Senate Kills Every Immigration Proposal

If Mitch McConnell set up an immigration debate hoping nothing would happen, he’s getting his wish. Photo: Aaron P. Bernstein/Getty Images

The Great Senate Immigration Debate of 2018 came a cropper today as the Senate failed to give any of an assortment of immigration proposals the 60 votes needed to overcome a filibuster.

The most promising proposal — a bipartisan bill (it had eight GOP and eight Democratic co-sponsors) that provided what the president had asked for in border-control funding and what the president had proposed in a path to citizenship for Dreamers — got only 54 votes (though three liberal Democrats appeared to vote against it only when it was obvious that it was going to fail). Its failure was largely attributable to a frantic lobbying effort from the administration culminating in a Trump veto threat.

This negative win for the administration didn’t translate into any positive accomplishment because the Senate also decisively (by a 60/39 margin) rejected the Grassley bill closely modeled on Trump’s own proposal.

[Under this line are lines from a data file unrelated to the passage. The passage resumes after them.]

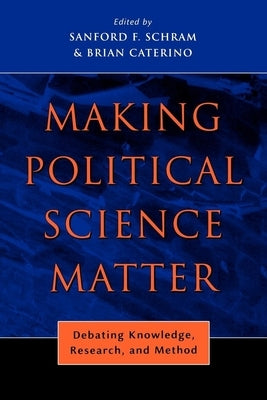 Making Political Science Matter: Debating Knowledge, Research, and Method by Schram, Sanford F.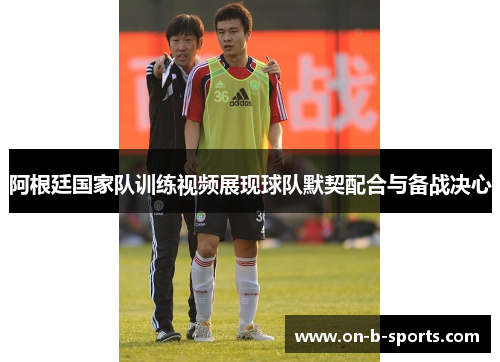阿根廷国家队训练视频展现球队默契配合与备战决心 阿根廷国家队训练视频展现球队默契配合与备战决心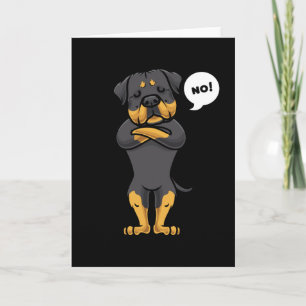 Stubborn Rottweiler Dog Card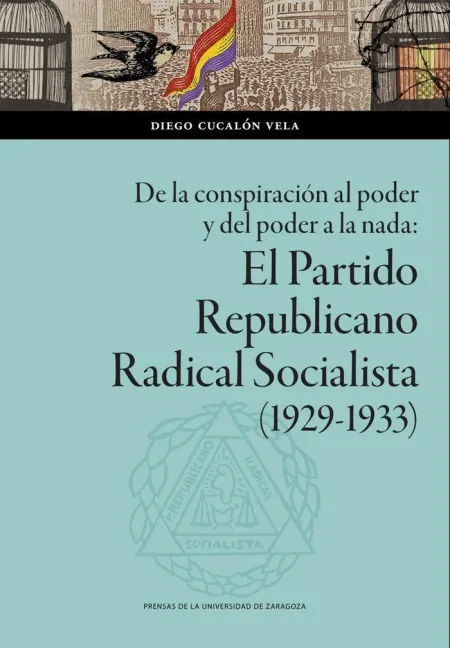 De la Conspiración Al Poder y del Poder a la Nada: el Partido Republicano Radica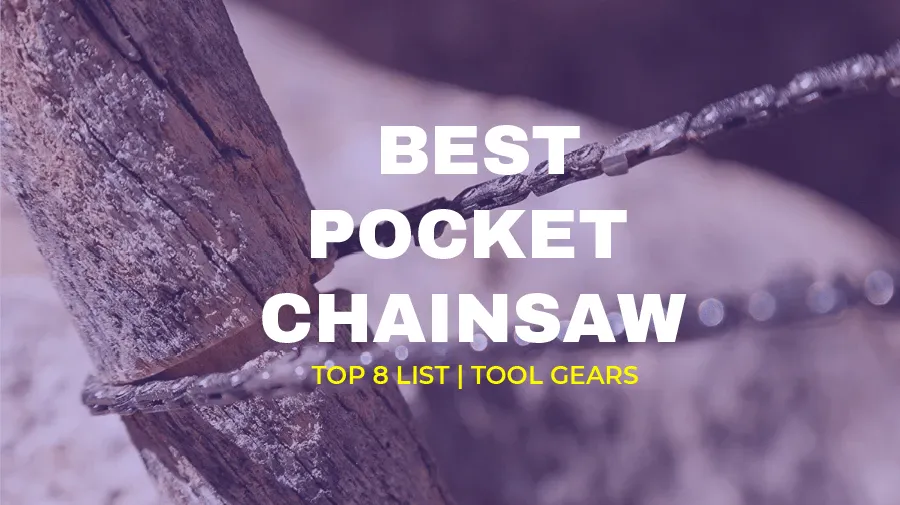 Best Pocket Chainsaws For 2021 - Portable Chainsaws Reviewed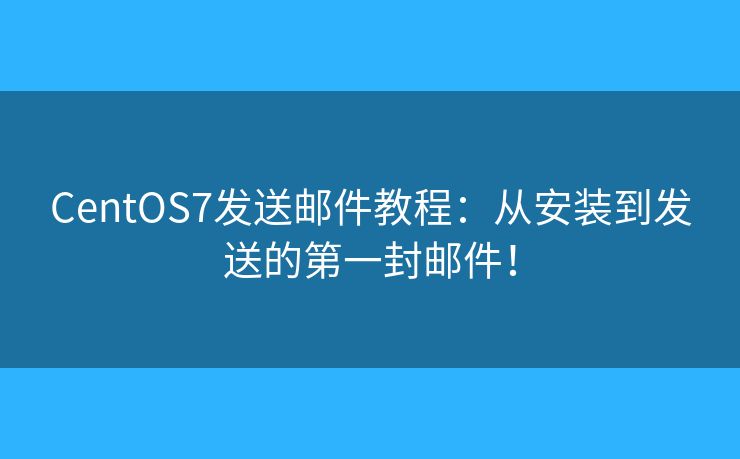 CentOS7发送邮件教程:从安装到发送的第一封邮件! CentOS7发送邮件教程:从安装到发送的第一封邮件!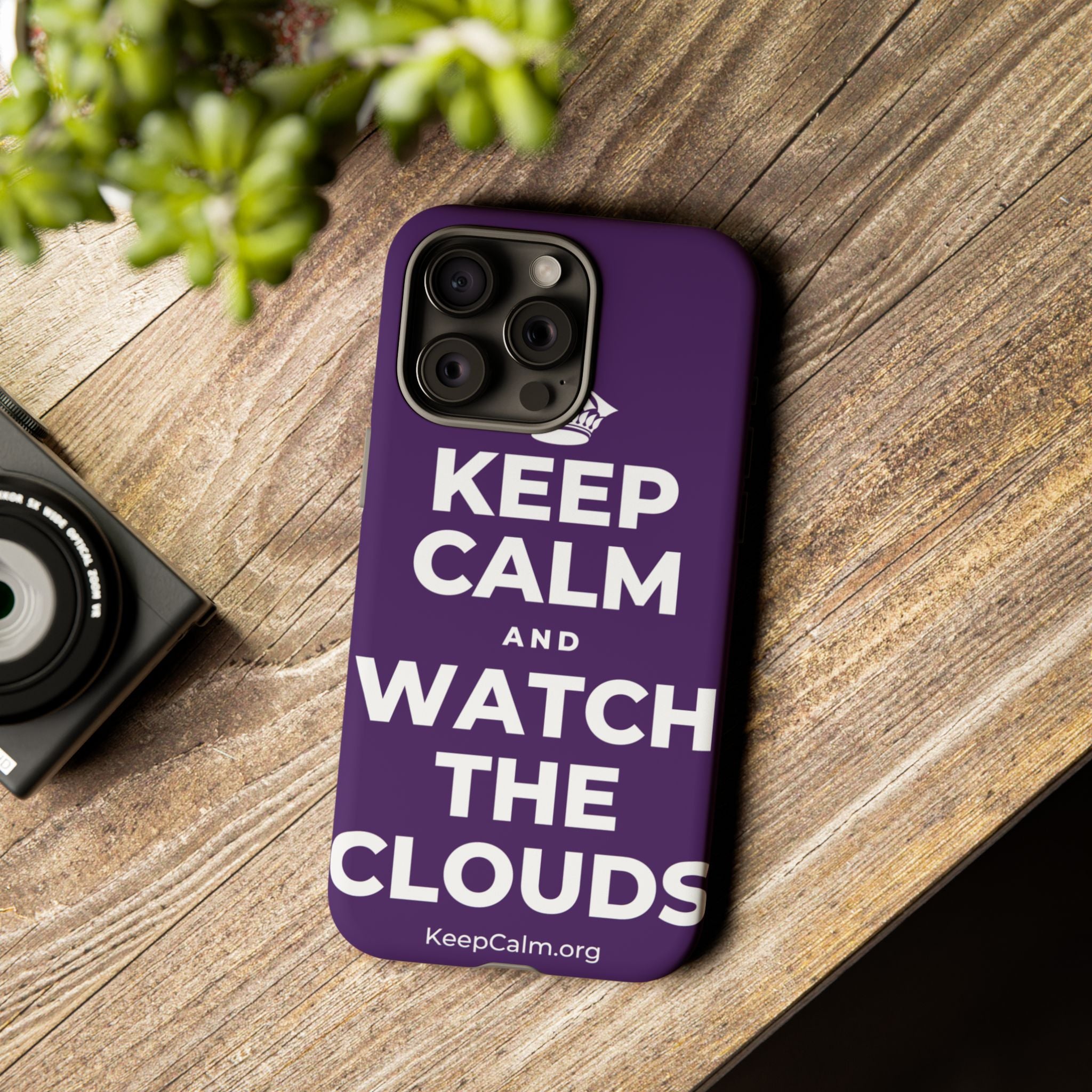 KEEP CALM AND WATCH THE CLOUDS Phone Case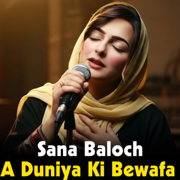 A Dunya Ka Bawafa Ya To Ba Wafa Maba (Balochi) - Sana Baloch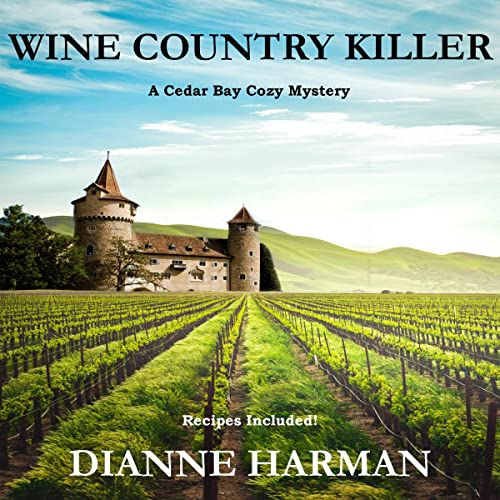 Wine Country Killer by Dianne Harman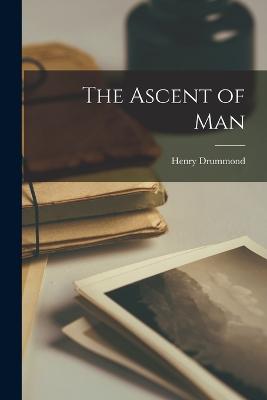 The Ascent of Man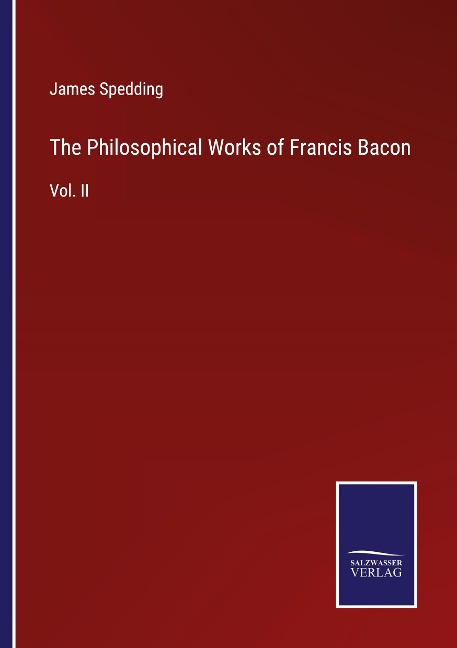 The Philosophical Works of Francis Bacon: Vol. II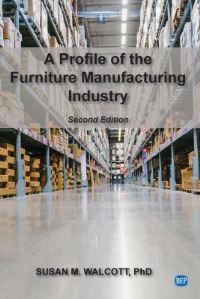 Book Cover for A Profile of the Furniture Manufacturing Industry by Susan M Walcott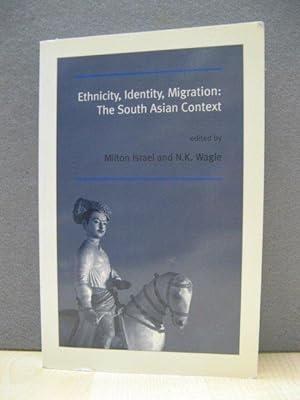 Seller image for Ethnicity, Identity, Migration: The South Asian Context for sale by PsychoBabel & Skoob Books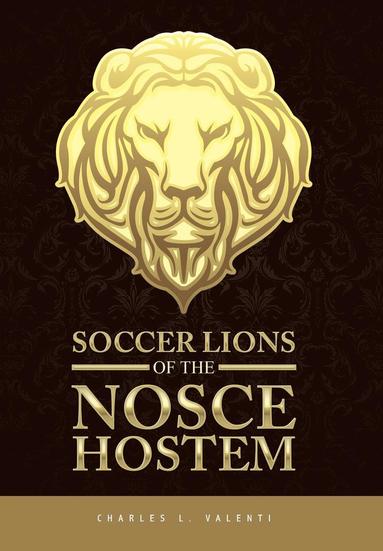 Charles L Valenti - Soccer Lions of the Nosce Hostem, Inbunden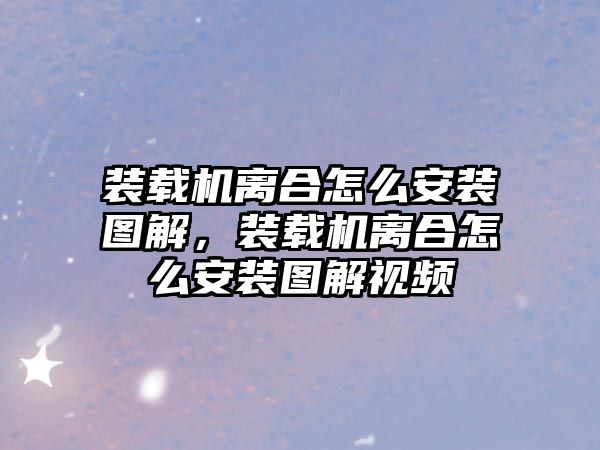 裝載機(jī)離合怎么安裝圖解，裝載機(jī)離合怎么安裝圖解視頻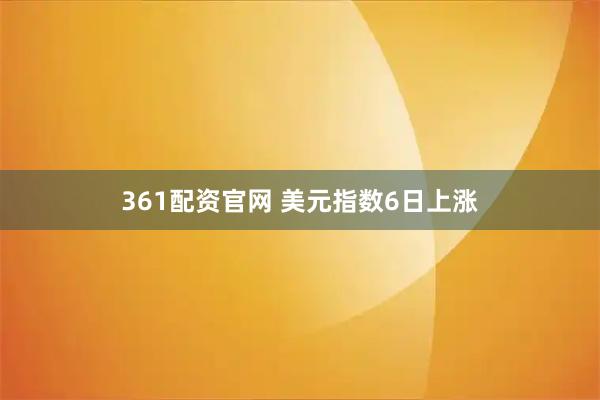 361配资官网 美元指数6日上涨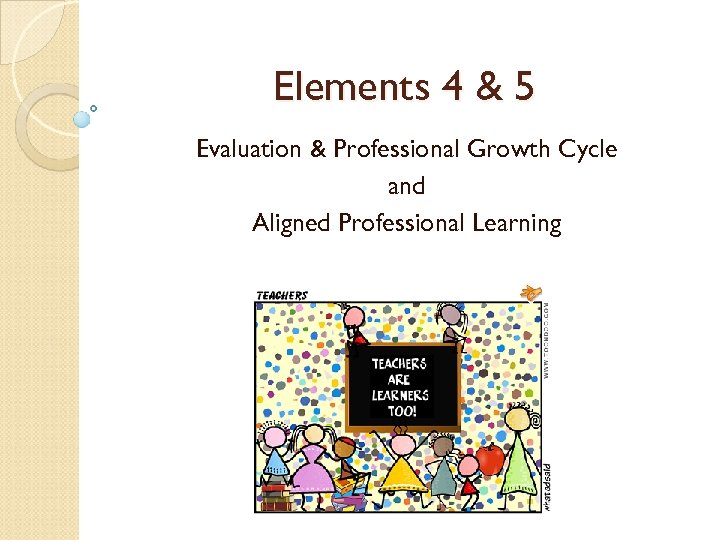 Elements 4 & 5 Evaluation & Professional Growth Cycle and Aligned Professional Learning 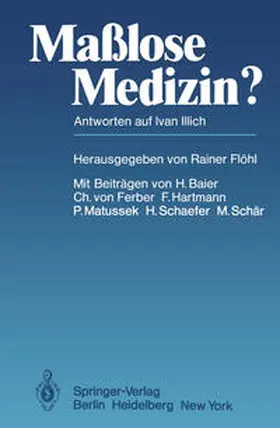 Flöhl |  Maßlose Medizin? | eBook | Sack Fachmedien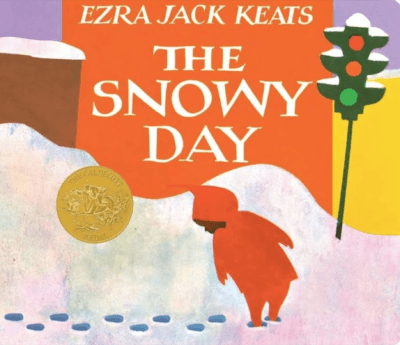 The Snowy Day by Ezra Jack Keats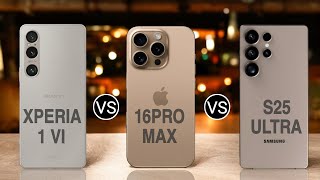 Sony Xperia 1 VI 5G vs iPhone 16 Pro Max 5G vs Samsung Galaxy S25 Ultra 5G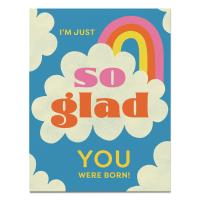 So Glad You Were Born Birthday Greeting Cards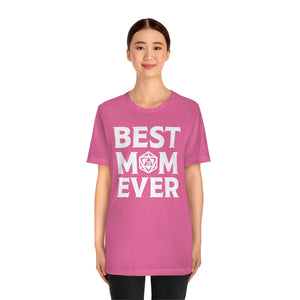 BEST MOM EVER - DND T-Shirt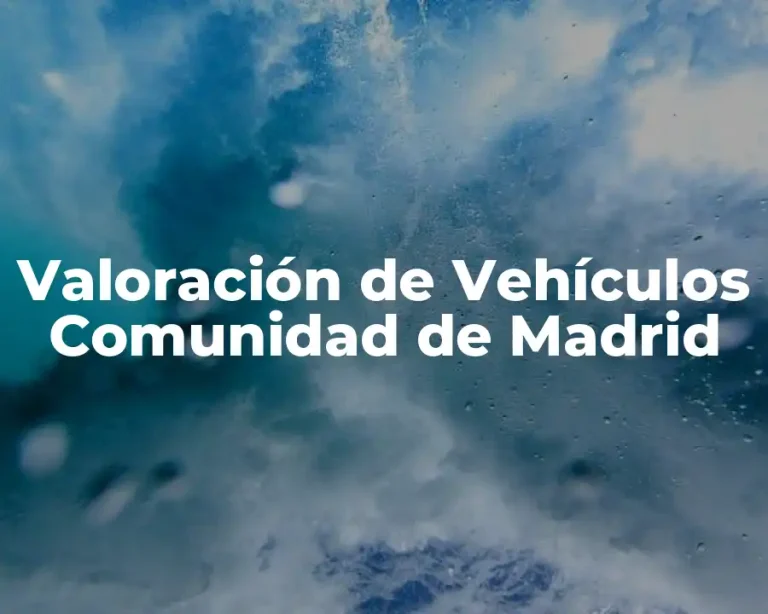 Valoración de Vehículos Comunidad de Madrid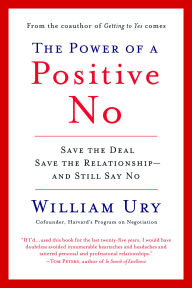 Title: The Power of a Positive No: How to Say No and Still Get to Yes, Author: William Ury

It did attract one Democrat, Joe Manchin, but lost a lot of Republicans.

The Senate also gave only 52 votes to a “skinny” bill from John McCain and Chris Coons that would have matched less extensive border-security funding commitments with less sweeping Dreamer protections. And in a vote that was designed mainly to set up attack ads on Senate Democrats, Pat Toomey’s proposal to deny certain grants to “sanctuary cities” (a legislative version of an administration proposal struck down in the courts) got only 54 votes.

There’s theoretically another day left before Congress books for its Presidents’ Day recess. But the Senate votes eliminated every lively option on the table, and that’s without even considering the high odds against House consideration of any bill that could get 60 votes in the Senate.

The administration apparently thinks the rejection of bipartisan proposals will eventually force Democrats to bend to Trump’s will, according to Politico:

The White House has been telling Republican senators that it expects the Supreme Court to overturn the 9th U.S. Circuit Court of Appeals’ ruling extending protections for undocumented immigrants under the Obama-era Deferred Action for Childhood Arrivals program. The implication is that what is now an indefinite grace period would quickly disappear — and that Democrats would be without leverage and forced to accept more Republican demands in order to codify DACA.

We’ll see about that. But for the moment, nothing’s about to happen on the immigration front, and that’s apparently fine with Donald J. Trump.